Tinseltown’s Extremely Modest Celebrity

Currently 77, Hollywood’s most humble star avoids video calls. Nor does her role in the literary group films, the newest of which begins with her having difficulty to speak via her computer to best friends played by Jane Fonda, Mary Steenburgen and Candice Bergen.

“It’s preferable when you avoid seeing me,” she says, “or see them, because it becomes so strange, you know? I suppose I mean: it’s not terrible or anything, but it’s a little odd.” We both talk, stop, interrupt each other again, a car crash of chatter.

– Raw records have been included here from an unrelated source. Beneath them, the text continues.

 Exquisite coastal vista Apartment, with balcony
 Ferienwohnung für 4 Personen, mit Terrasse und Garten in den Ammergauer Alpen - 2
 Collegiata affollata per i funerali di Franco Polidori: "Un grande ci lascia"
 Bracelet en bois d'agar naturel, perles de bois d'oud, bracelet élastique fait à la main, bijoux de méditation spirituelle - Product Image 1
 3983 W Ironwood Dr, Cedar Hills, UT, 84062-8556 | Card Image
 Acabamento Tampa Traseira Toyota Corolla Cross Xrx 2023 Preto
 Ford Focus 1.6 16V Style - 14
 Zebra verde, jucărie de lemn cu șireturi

Yes, phone is so much better, I say, and if there’s any more pleasant sound than the star laughing at your joke, I’d like to hear it.

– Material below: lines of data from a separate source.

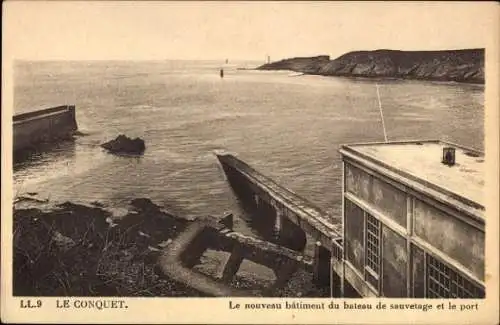 Ak Le Conquet Finistère, Hafenansicht, neues Rettungsbootgebäude, ruhige See, Klippen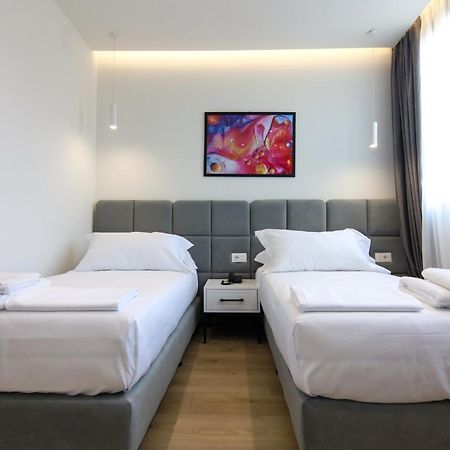 N Hotel City Center By Noshi Тирана Екстериор снимка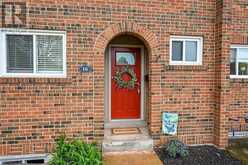 125 LIVINGSTON Avenue Unit# 16 Grimsby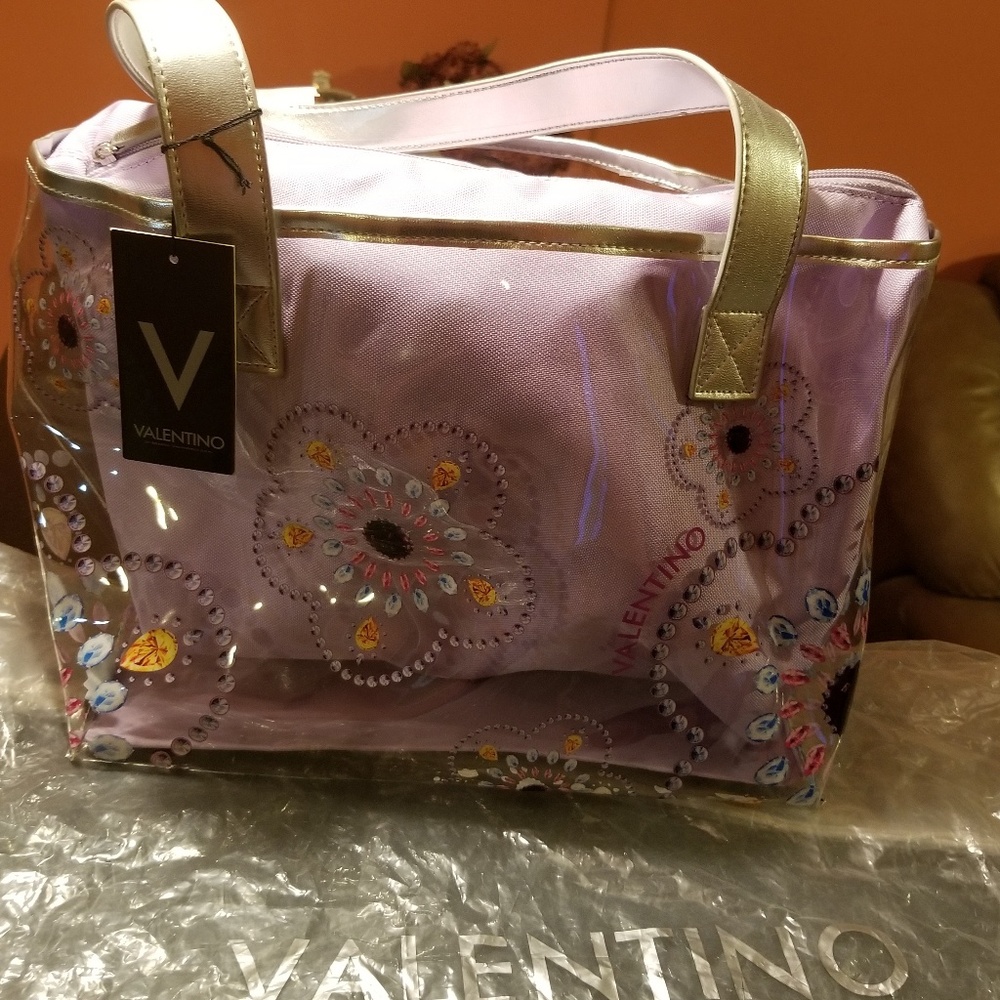 Valentino (sold)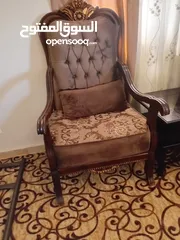  4 طقم كنب خشب زان مصري 9 مقاعد تفصيل بحاله ممتازه للبيع  + طقم طاولات عدد 3 +سجاده 5×5  + برادي عدد 2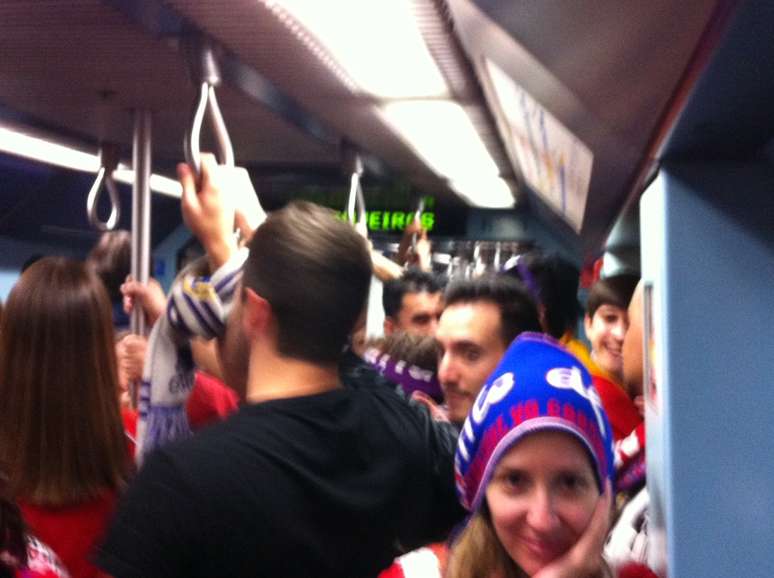 <p>Torcedora do Atlético, Simone ficou triste quando os fãs do Real tomaram o metrô no caminho para o estádio</p>
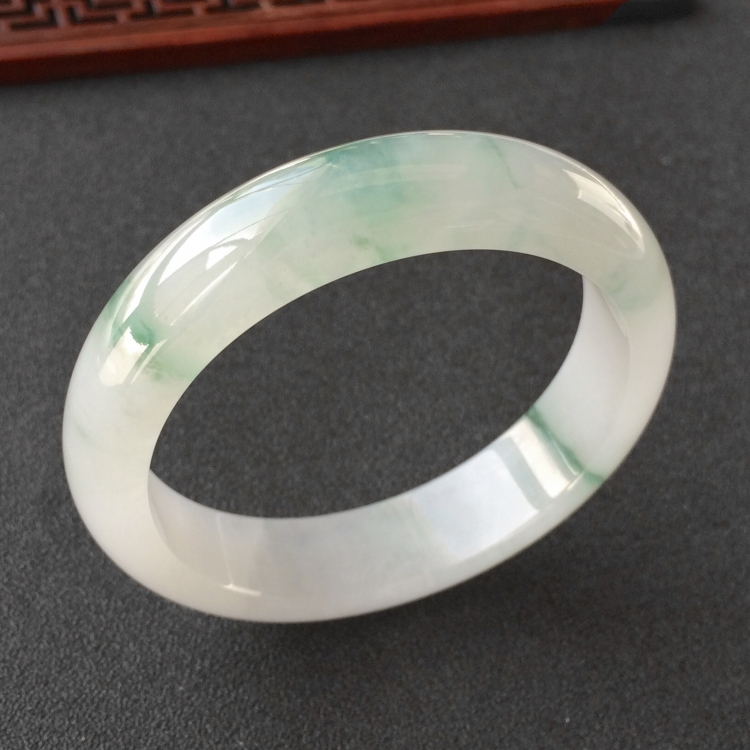 (超值推荐)冰种飘花手镯(54.6mm)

A brief silence. “I think a little goes plenty,” she says. “That is, don’t do much more.” Not for the last time, I’m uncertain what she meant.

Book Club Sequel

Anyway, in Book Club: The Next Chapter, a sequel to the 2018 success, Keaton again plays Diane, a woman in her 70s, clumsy, eccentric, partial to men’s tailoring and broad hats. “We borrowed a bunch of ideas from her life,” says filmmaker Bill Holderman, who co-wrote with his wife, Erin Simms, who speak to me over Zoom a few days later. Keaton did suggest they change her character’s name, says Simms. “Perhaps ‘Leslie’. But it was already the second day of shooting.”

In the first film, the bereaved Diane hooks up with the actor. In the follow-up, the four companions go to Italy for Fonda’s bridal shower. Expect big dinners, long montages (dresses, shops, naked statues), endless innuendo and a surprisingly big part for the show’s Hugh Quarshie. And alcohol. So much drink.

I felt amazed by the drinking, I say; is it true to life? “Absolutely,” says Keaton enthusiastically. “About six in the morning I’ll drink a Lillet, or a chardonnay.” Currently 11am; how many glasses consumed is she? “Oh God, maybe 25?”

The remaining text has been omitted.